Née en Tunisie de parents très pieux originaires de Djerba, la Rabbanite est issue d’une famille de Kohanim descendants de Tsadok Hakohen (premier Kohen Gadol dans le premier Temple) selon la tradition familiale. Elle verra le jour après une attente de 13 longues années et elle demeurera fille unique. Son père érudit lui enseignera la Torah, à lire et à écrire l’hébreu, mais cela ne le satisfaisait pas : il cherche pour elle une école dans laquelle elle pourra acquérir un bon bagage de connaissance juive.
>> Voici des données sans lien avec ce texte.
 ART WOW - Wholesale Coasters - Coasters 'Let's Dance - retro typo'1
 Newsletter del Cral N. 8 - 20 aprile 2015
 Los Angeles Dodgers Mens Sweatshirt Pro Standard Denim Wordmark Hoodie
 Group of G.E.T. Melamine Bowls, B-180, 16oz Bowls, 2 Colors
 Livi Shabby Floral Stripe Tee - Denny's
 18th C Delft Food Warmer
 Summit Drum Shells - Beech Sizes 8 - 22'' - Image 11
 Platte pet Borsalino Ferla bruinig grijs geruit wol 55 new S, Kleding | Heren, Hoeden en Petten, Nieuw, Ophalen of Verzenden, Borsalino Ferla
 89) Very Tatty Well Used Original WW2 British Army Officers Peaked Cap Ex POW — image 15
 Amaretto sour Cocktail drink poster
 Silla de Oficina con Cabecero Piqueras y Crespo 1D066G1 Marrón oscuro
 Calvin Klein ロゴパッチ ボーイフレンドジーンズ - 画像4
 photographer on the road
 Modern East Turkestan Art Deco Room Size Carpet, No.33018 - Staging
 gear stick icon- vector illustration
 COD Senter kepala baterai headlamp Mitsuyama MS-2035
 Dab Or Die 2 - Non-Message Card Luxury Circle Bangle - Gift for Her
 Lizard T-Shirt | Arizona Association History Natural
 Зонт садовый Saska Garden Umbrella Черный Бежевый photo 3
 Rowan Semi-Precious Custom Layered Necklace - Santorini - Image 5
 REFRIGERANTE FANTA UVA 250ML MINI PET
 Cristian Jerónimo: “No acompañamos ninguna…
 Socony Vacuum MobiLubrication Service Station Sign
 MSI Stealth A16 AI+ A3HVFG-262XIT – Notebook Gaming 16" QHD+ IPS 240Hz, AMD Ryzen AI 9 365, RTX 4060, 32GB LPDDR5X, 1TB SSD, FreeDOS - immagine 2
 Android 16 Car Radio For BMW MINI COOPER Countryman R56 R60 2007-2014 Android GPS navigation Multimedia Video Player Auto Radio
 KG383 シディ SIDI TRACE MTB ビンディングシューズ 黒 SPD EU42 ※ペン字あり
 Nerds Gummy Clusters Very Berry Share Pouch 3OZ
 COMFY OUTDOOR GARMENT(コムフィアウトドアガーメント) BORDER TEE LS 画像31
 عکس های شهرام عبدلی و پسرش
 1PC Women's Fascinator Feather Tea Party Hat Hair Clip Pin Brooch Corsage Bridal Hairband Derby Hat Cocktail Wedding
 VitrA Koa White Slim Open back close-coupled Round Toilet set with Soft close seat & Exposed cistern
Apres avoir entendu parler du fameux séminaire de Gateshead, situé au nord de l’Angleterre, il n’hésitera pas à l’y envoyer à l’âge de 17 ans, se retrouvant lui et sa femme seuls, avec pour tout moyen de communication une correspondance par lettres.
Certains demanderont : pourquoi un tel sacrifice ? En effet, nous sommes en 1955, en Tunisie, avec des parents très pointilleux dans l’éducation de leur enfant, pas touchés par les vents de l’assimilation, un père érudit et une fille docile qui suit le chemin de ses parents. Avaient-ils besoin de se séparer pour de longues années de leur fille unique, afin qu’elle puisse obtenir un bagage supplémentaire en Torah ?! Incroyable !
Mais ce sacrifice donnera des fruits, et quels fruits : La Rabbanite Choulamith aura une descendance nombreuse et exemplaire de piété, elle permettra à son mari de devenir un géant en Torah ; plus tard, veuve, elle se remariera avec un des plus grands décisionnaires de Jérusalem le Rav Yaakov Blau. Durant toute sa vie, elle aura une influence décisive sur son entourage et demeurera l’unique adresse de confidence et de soutien pour de nombreuses jeunes filles.
Beaucoup de parents envoient aujourd’hui leurs enfants loin de la maison (dans le cas où cela s'avère nécessaire), pour étudier dans une Yéchiva ou dans un séminaire, et la séparation est difficile. On ne peut comparer notre réalité avec celle de la Rabbanite Bitton, puisque de nos jours, on peut se permettre de voyager souvent, la technologie moderne nous permettant aussi de communiquer tous les jours, presque face à face. Mais le fait de ne pas pouvoir passer le Chabbath toute la famille réunie, d’avoir la possibilité de sortir ou de discuter ensemble, ou tout simplement de les embrasser, représente une certaine épreuve. Malgré tout, en comprenant l’importance de ces expériences pour la formation de nos enfants, on parvient à surmonter nos sentiments et à les encourager à persévérer dans leurs études.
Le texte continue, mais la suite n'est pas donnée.